On the plaintiff’s testimony to the effect that the defendant Baldwin informed him that the defendants had “ quite a bit of this stock for sale,” it cannot perhaps be said that there is not evidence to take the case to the jury, but the verdict of the jury is clearly against the weight of the evidence, for manifestly the defendants did not agree to pay the plaintiff such a large commission on the sale of stock which they did not own and in which they had no interest and the market for which was on the New York curb and where the sales in question were made and where the regular brokerage commission charged was only one-eighth of' one per cent.

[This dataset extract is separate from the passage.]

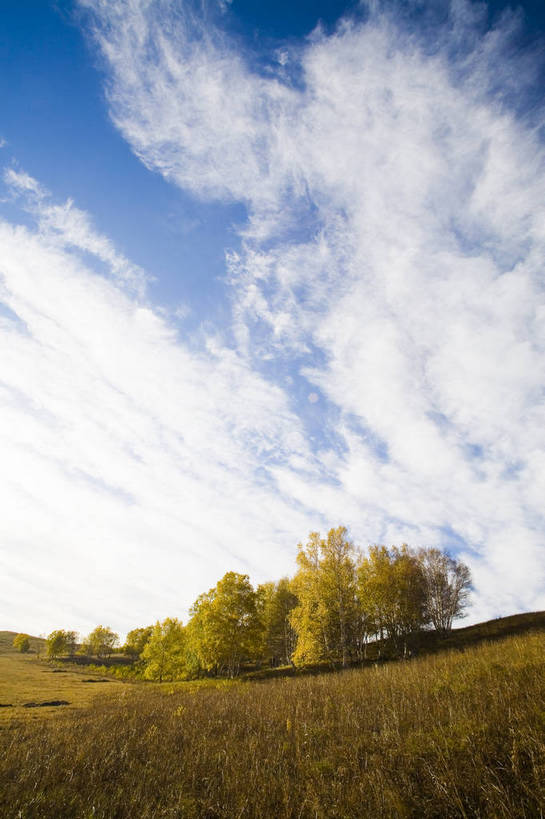 竖图,室外,白天,草地,秋季,沙漠,叶子,坝上,中国,亚洲,高原,枯叶,落叶,树木,白云,蓝天,旅游胜地,摄影,东亚,内蒙古,中华人民共和国,砂石,叶,叶片,秋,秋天,彩图,bj174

The plaintiff, however, *311attempts to sustain the recovery on the theory, evidently based merely on his suspicion, that the defendants owned or were interested in the stock and controlled the market and that the alleged sales on the curb were “ wash sales;” but that theory implies that the defendants and Hirsch committed perjury and that their firms were conducting business fraudulently and unlawfully. We find no justification in the evidence for such a charge or finding. Hirsch was not asked from whom he bought or received the stock. If the plaintiff intended to claim that the sales were" fictitious and that they were of stock owned, controlled or offered by the defendants, he should by the examination of the defendants or their books or by the examination of Hirsch-Lilienthal & Company or otherwise have shown that such was the fact or facts from which that inference could legitimately be drawn; but he did not."
It follows that the judgment and order should be reversed and a new trial granted, with costs to appellants to abide the event.
Clarke, P. J., Dowling, Page and Merrell, JJ., concur.
Judgment and order reversed and new trial ordered, with costs to appellants to abide event.